One interesting benefit of sorts to using an underpowered system is that performance issues really stand out. In my case, my blog runs on Blojsom, which requires a servlet container and thus a JRE to run. Since I used to use recycled PCs that are about a decade old – and now a virtualized host equivalent to a 1994 PC – the basic JVM memory footprint is of concern to me. For awhile I used IBM JVM 1.4, based on my old results.
Since I had to reinstall Java anyway for the hosted machine, I decided to check out some alternatives. I tried Sun’s 1.5 JVM, IBM’s 1.5 JVM, and SableVM. Long story short, IBM took the cake again (running Jetty and Blojsom). Sun’s 1.5 had about the same footprint as IBM 1.4 (30MB), but IBM’s 1.5 came in at 27MB. That’s physical memory according to top. I would expect IBM’s 1.5 to outperform Sun’s 1.5, too, although that’s just “fanboy-ism”.
3MB may not seem like much, but as a percentage (10) and relative to the physical memory for the virtual host (90MB), it’s pretty good. I could certainly pay more for more headroom, but all I really want is not to thrash to swap when doing basic work from a shell.
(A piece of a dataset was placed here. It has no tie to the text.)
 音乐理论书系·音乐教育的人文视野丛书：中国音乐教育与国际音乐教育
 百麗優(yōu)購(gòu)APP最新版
After all, it’s not a production site… and I’m naturally inquisitive about these sorts of things.
[Update: IBM's 1.5 beta had problems staying alive after about three or four hits on the servlet - the process seems to silently exit. I guess IBM's meaning of "beta" is different than Google's; I did get to learn that IBM's 1.5 startup is noticeably faster than IBM's 1.4.